That update received a good deal of attention, it was “liked” more than a 1000 times, shared hundreds of times, and it received more than 234 comments.

I wasn’t surprised by the reaction. But some of the comments certainly saddened me. There’s a good number of evangelical Christians who feel completely justified in their hatred for President Obama.

Regardless of how one views President Obama, shouldn’t either “love thy neighbor” or “love thy enemy” apply? Even if you’re convinced that President Obama is a gun-taking Muslim socialist fanatic who performs partial-birth abortions on weekends, isn’t it Jesus’s command for us to love our neighbors/enemies? You don’t have to agree with him. You can certainly challenge his ideas.

But it is possible to disagree and challenge with respect. And if you can’t conjure up respect, you can at least disagree and challenge without being hateful.

But again, the Christian evangelicals who invest time and energy into hating President Obama, often feel vindicated for their feelings.

Many of them bring up the hatred shown toward President Bush as partial defense for their actions. And yes, President Bush was hated by many. Some of the haters were cruel and fanatical in their disgust for Bush. Even still, as somebody who voted for President Bush (twice), the amount of hatred showcased toward President Obama (often times in the name of God) seems to far outweigh any amount of hatred shown toward an elected official in my lifetime.

But you know what I find so annoying about these Obama-hating Christians? These are the same people who believe the “The Left” to be void of God, Jesus, faith, religion, and morals (and that’s not true) AND YET, they still hold these “godless liberal good-for-nothing voters” to the same values that Christ called them too. How can you expect a group of people who are supposedly “godless” to be kind and diplomatic when you, “The God-Fearing-and-Loving Evangelical Right” have zero ability to showcase your frustration with sanity and spellcheck?

I believe there are some pretty clear differences in regards to the hatred shown toward President Obama and the hatred showcased toward any other president or elected official (that I can remember).

1) It’s a “Christlike hate”. Yes, I know; those words shouldn’t make a lick of sense. But sadly, you know exactly what I’m talking about. Hate in the name of Christ happens. Too often our politics trump the words of Christ or simply get rationalized away so we’re able to feel what we want to feel.
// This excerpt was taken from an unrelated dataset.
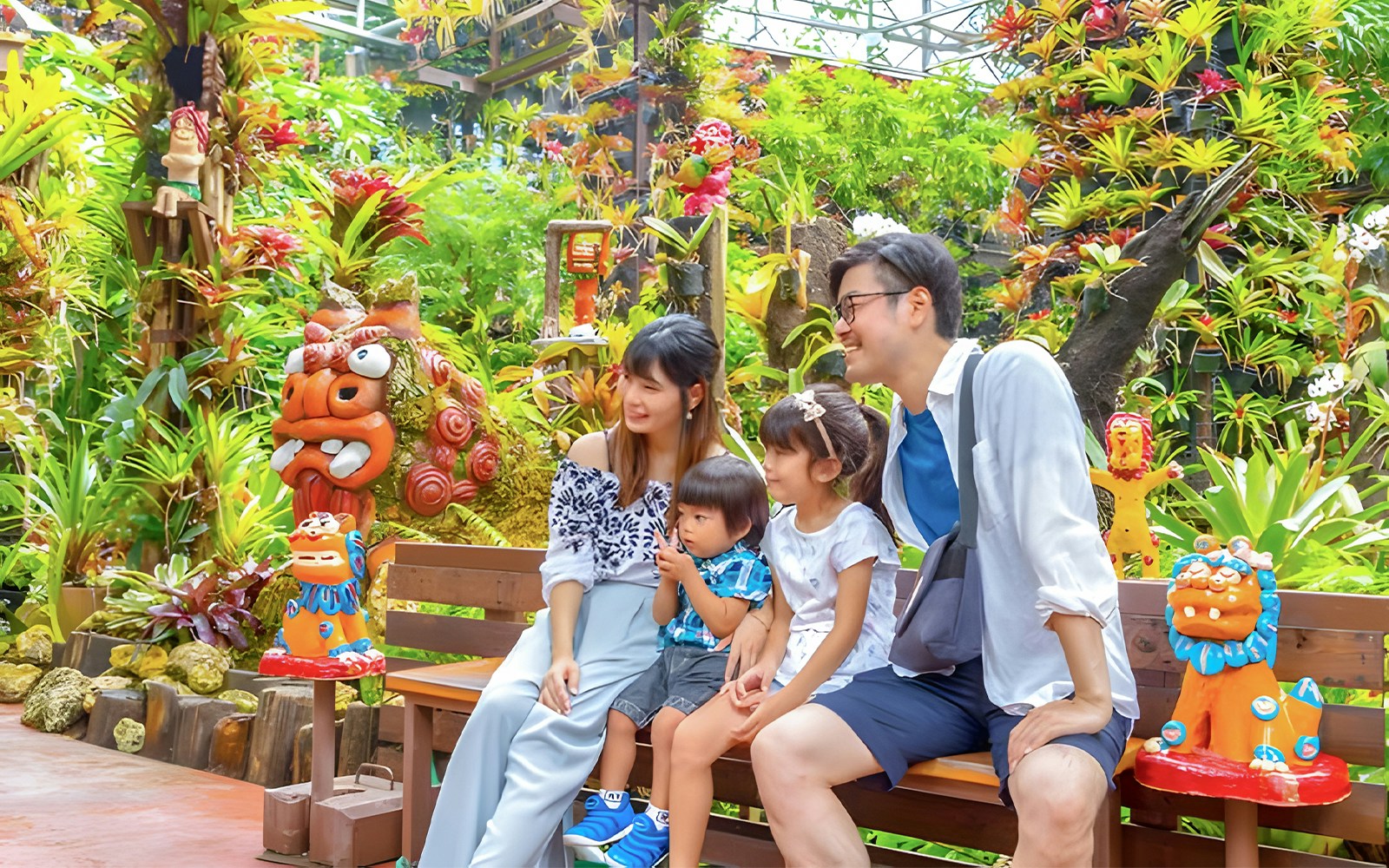 Family enjoying colorful garden at Nago Pineapple Park, Okinawa.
2) The hate began as soon as he took office. There was no presidential honeymoon phase for President Obama. Christians began hating him the moment he took office and have not let up. It’s certainly had moments where it’s been more palpable. But it’s always been there, sometimes just below the surface, sometimes proudly displayed for all to see.

3) I cannot help but wonder if some of the hatred shown toward President Obama by Christians is racially motivated. For some of Obama’s faith-based anti-fans, the hatred runs so deep that it shows up not only in their words or ideas, but it’s on their faces and pumps wildly through their veins. And whether or we Christians want to admit this or not, racism still grows wild in big and small churches all across this country.

And while many might deny their hatred having racially-motivated roots, that’s not surprising because we know that hatred blinds people. Sooner or later, a person who holds deep seeded hatred in their mind and heart lose the ability to see clearly what’s in front of them, what they sound like, what they look like, how angry they come across.

In To Kill a Mockingbird, Harper Lee wrote “Sometimes the Bible in the hand of one man is worse than a whisky bottle in the hand of (another)… There are just some kind of men who – who’re so busy worrying about the next world they’ve never learned to live in this one, and you can look down the street and see the results.”

And we can, look down our streets or on our Facebook threads and see the results.

What is the remedy? I honestly don’t know. It’s rarely possible to help a person see what they say and do as hatred. That’s often true for me. Because hatred is blinding. Because hatred is so chock-full of pride and insecurity that it often takes an act of God to get people to open their eyes and see, really see…

But that’s my prayer: May God help us see.